La dernière génération des grands équipements développés en partenariat (hélicoptères Tigre et NH90, A400M, FREMM, missiles Aster, Scalp ou Météor…) peine à trouver dans de nouveaux programmes une relève au même niveau de concrétisation industrielle. Emblématique de ces problèmes, l’Eurodrone connaît un envol poussif, le projet de blindé franco-allemand est pour l’instant dans l’impasse et le SCAF, avec l’Allemagne et l’Espagne, encore en sursis.
Évolutions négatives
Sans contester les décisions prises à la lumière du conflit ukrainien, tant au niveau national qu’européen, pour augmenter les cadences, reconstituer les stocks, relocaliser certaines fabrications et réduire des goulots d’étranglement dans la production des équipements, l’« économie de guerre » ne doit pas conduire à sacrifier le financement des technologies innovantes ni les investissements d’avenir, d’autant que le gonflement brusque des crédits militaires européens se traduit principalement par des achats massifs à l’industrie américaine.
L’acquisition récente de F-35 par l’Allemagne et la Finlande, après d’autres, en atteste. La sécurisation des approvisionnements militaires européens suscitée par l’urgence ukrainienne dissimule en effet fort mal les avantages opportunistes retirés par les industriels américains pour dominer définitivement, sur des créneaux porteurs, le marché domestique européen de l’armement.
Sans nouvelle coopération industrielle soutenue par la commande des Etats, rien ne viendra contrer ces évolutions négatives. Même si elle est bienvenue, la manne du FEDef (1,2 milliard d’euros en 2022 pour 61 projets) est trop limitée en montant et surtout trop dispersée pour produire un effet de levier rapide en faveur d’une reconfiguration des appareils militaires et d’une consolidation de la BITD de l’UE.
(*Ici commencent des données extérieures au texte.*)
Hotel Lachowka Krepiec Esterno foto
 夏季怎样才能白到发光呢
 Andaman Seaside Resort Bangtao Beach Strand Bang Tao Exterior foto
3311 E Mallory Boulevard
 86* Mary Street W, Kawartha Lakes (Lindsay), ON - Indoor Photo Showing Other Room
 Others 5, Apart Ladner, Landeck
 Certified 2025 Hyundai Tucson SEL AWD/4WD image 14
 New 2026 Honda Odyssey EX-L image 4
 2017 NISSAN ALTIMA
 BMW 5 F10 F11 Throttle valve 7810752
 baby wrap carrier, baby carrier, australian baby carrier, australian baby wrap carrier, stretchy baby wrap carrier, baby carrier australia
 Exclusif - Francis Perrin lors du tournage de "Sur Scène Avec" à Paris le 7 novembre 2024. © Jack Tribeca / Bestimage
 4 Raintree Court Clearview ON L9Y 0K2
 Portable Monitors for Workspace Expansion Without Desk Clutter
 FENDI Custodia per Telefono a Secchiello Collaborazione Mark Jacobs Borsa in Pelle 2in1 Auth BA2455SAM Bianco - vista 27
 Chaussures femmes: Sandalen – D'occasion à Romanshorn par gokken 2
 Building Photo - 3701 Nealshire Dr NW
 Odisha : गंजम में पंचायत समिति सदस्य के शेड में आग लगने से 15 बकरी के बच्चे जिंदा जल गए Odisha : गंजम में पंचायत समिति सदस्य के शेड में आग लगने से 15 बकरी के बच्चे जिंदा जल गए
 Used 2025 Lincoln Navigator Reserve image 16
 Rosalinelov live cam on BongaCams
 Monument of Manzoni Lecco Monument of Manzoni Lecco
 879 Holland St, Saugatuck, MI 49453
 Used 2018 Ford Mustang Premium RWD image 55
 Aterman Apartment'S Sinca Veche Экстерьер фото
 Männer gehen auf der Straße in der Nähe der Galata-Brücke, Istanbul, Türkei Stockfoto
Encore faudrait-il, par ailleurs, que ces crédits communautaires n’alimentent pas une concurrence intra-européenne fratricide plutôt que de conforter des champions. Certains choix récents interrogent. Pourquoi préférer Sener à MBDA, 40 fois plus puissant, pour le projet stratégique d’intercepteur hypersonique, ou encore Avio Aero, filiale à 100 % de l’américain GE Aerospace, plutôt que le consortium européen Safran/MTU/ITP lié pour le projet de moteur d’avion du futur ? Il n’y aura pas de défense européenne crédible sans programmations militaires concertées, ni de BITD performante sans programmes communs structurants.